# The New Orleans Hornets select



## Tersk (Apr 9, 2004)

Consider this as a situation, draft day comes and the New Orleans Hornets have the first pick in the draft. What do you do with it? Do you trade it? Do you draft a PG? A Bigman?

Basically I'm interested in who you'd like to draft with your pick, and why

Also, a good chance that the Hornets will have a high second rounder, any thoughts on who'd you'd select there?


----------



## Starks (Feb 22, 2004)

Bogut looked good today against UTEP. Of course he's played well all season. He passes really well for a big men. He is definitely an option.


----------



## Captain Obvious (Jun 15, 2003)

If you guys end up getting Bogut do you think you'd try to move Magloire for a point guard or perhaps a wingman? I talked about a possible trade with Orlando that would benefit both teams IMO if it happened:

http://www.basketballboards.net/forum/showthread.php?t=144690&page=4

Scroll down to post #49.


----------



## Tooeasy (Nov 4, 2003)

another option is, jamaal isn't even a legit 7 footer, theres a possibility he can be moved to the PF position if he works on his foot speed a little. the thing is, we don't have to target anyone by using tradebait, between our high pick and our insane cap room theres no reason to trade off anyone else we have, or else this will be a damn 10 year rebuilding stage rather than 1.


----------



## rebelsun (Nov 25, 2003)

Take Bogut even if your team is starting Shaq and Duncan.


----------



## Geaux Tigers (Apr 26, 2004)

Captain Obvious said:


> If you guys end up getting Bogut do you think you'd try to move Magloire for a point guard or perhaps a wingman? I talked about a possible trade with Orlando that would benefit both teams IMO if it happened:
> 
> http://www.basketballboards.net/forum/showthread.php?t=144690&page=4
> 
> Scroll down to post #49.


PF and C arent determined by size alone. Magloire is 6'11 and is a defenite C. Bogut is 7'0 but can play PF more easily than Magloire. Bogut has better handles, better footspeed, and more range than Magloire so he translates to a PF way better. 

The difference in 6'11 and 7'0 is nominal its the skill set that determines the position.


----------



## Tersk (Apr 9, 2004)

I don't think I'd take Bogut if I were you guys, you already have a nice up and coming promising big man in Jamaal Magloire (he's what? 25?) and a fairly decent player in PJ Brown.
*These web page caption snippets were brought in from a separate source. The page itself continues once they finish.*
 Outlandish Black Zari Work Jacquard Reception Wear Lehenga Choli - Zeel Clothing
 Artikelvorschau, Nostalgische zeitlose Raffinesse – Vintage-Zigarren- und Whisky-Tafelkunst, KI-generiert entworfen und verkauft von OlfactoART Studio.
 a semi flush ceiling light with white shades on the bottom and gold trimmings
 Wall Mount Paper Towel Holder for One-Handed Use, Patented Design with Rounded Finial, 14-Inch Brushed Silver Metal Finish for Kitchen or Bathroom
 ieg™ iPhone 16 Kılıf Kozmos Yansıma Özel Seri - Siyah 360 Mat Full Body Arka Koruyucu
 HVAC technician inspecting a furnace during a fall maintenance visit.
You can always sign Stromile Swift if you want


I would trade down to the 5-7 area and get a PG, I don't know that much about PG's in this draft so I'm not really sure who to take -- possibly Chris Paul, Deron Williams etc etc. I would then trade Speedy Claxton, you'd have either Dickau or the rookie (depending on if he's ready) starting, and with Dickau's great play this season he'll get a lot of minutes.


----------



## Jermaniac Fan (Jul 27, 2003)

Theo! said:


> I don't think I'd take Bogut if I were you guys, you already have a nice up and coming promising big man in Jamaal Magloire (he's what? 25?) and a fairly decent player in PJ Brown. You can always sign Stromile Swift if you want
> 
> 
> I would trade down to the 5-7 area and get a PG, I don't know that much about PG's in this draft so I'm not really sure who to take -- possibly Chris Paul, Deron Williams etc etc. I would then trade Speedy Claxton, you'd have either Dickau or the rookie (depending on if he's ready) starting, and with Dickau's great play this season he'll get a lot of minutes.


That makes sense! :yes:


----------



## rebelsun (Nov 25, 2003)

RebelSun said:


> Take Bogut even if your team is starting Shaq and Duncan.
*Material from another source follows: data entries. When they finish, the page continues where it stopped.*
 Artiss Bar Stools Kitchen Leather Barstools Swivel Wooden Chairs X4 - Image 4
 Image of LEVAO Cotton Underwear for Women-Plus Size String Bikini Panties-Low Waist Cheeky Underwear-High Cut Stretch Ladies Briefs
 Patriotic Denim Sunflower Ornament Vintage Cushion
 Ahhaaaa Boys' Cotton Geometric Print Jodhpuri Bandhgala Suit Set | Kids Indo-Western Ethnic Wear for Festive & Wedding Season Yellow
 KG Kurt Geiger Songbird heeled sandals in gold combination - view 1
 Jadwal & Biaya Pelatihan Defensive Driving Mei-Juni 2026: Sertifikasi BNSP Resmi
I retract that statement after seeing Marvin Williams in the tourney.

I really think he has more potential than Carmelo. Marvin seems pretty close to an ideal SF: 6'9, 230, very athletic, strong, post-skills, ball-handling, 3pt range, blocks shots. 
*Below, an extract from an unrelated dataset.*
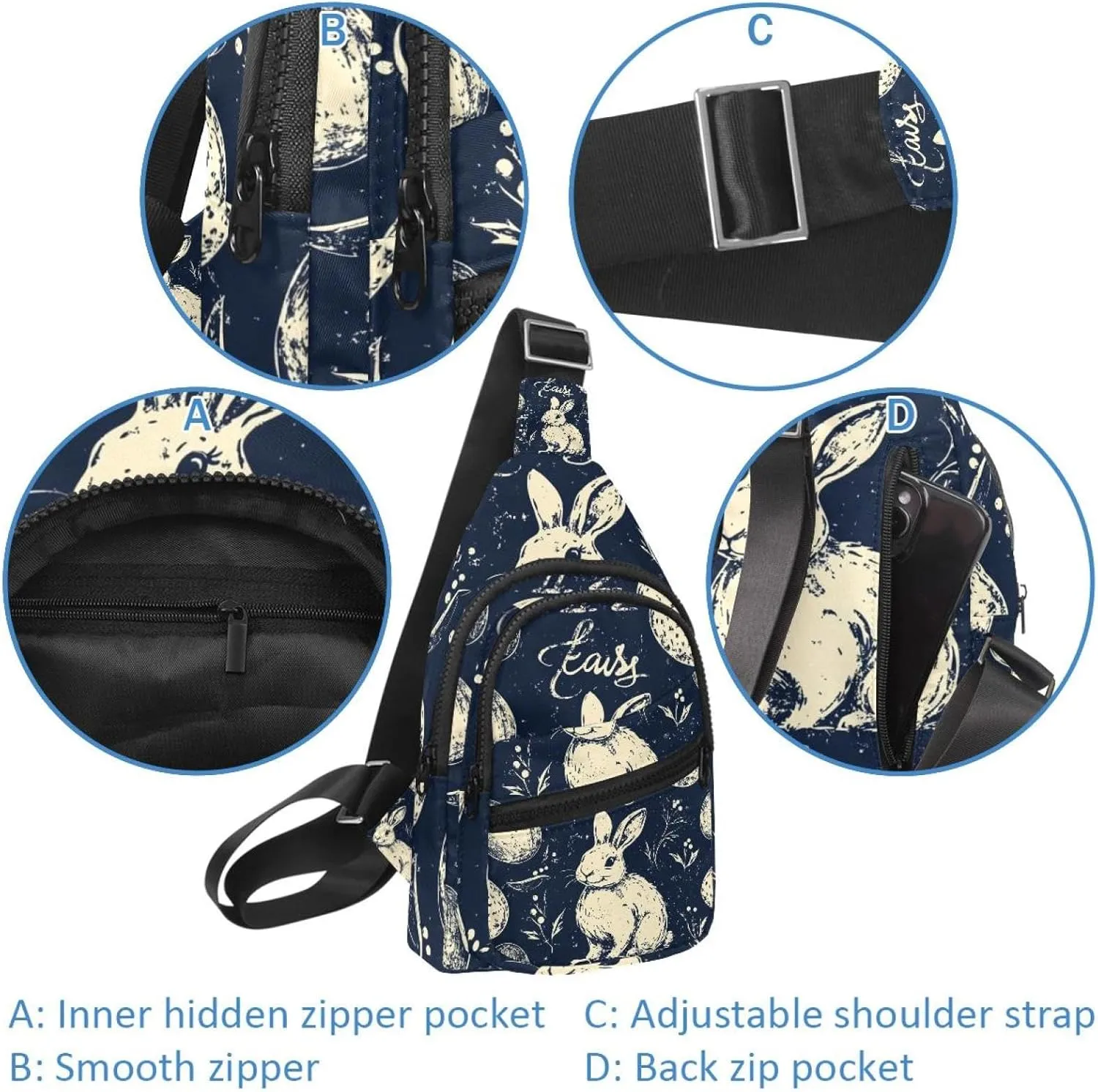 Holy Easter Bunny Easter Eggs Crossbody Bag with Adjustable Shoulder Strap, Shoulder Bag for Men and Women Sling Backpack for Travel, Cycling, Work, Sport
If I'm New Orleans, I would take a very long look at Marvin.


----------



## Tooeasy (Nov 4, 2003)

RebelSun said:


> I retract that statement after seeing Marvin Williams in the tourney.
> 
> I really think he has more potential than Carmelo. Marvin seems pretty close to an ideal SF: 6'9, 230, very athletic, strong, post-skills, ball-handling, 3pt range, blocks shots.
> 
> If I'm New Orleans, I would take a very long look at Marvin.


only if he declares for the draft. I was readin an article that asid he still enjoyed being a kid and lliked college life, so i dont know if i'd expect him to come out this summer unless UNC wins the championship. He's still young enough that the decision to do that may help him rather than hinder him.


----------



## Geaux Tigers (Apr 26, 2004)

Anyone see a possibility in where Bogut, Williams, and Paul all dont come out for this years draft?

That would be the worst thing for the Hornets IMO because this draft otherwise has a lack of stars in it.

Aside from those three I really like Rudy Gay but he might not come out as well.


----------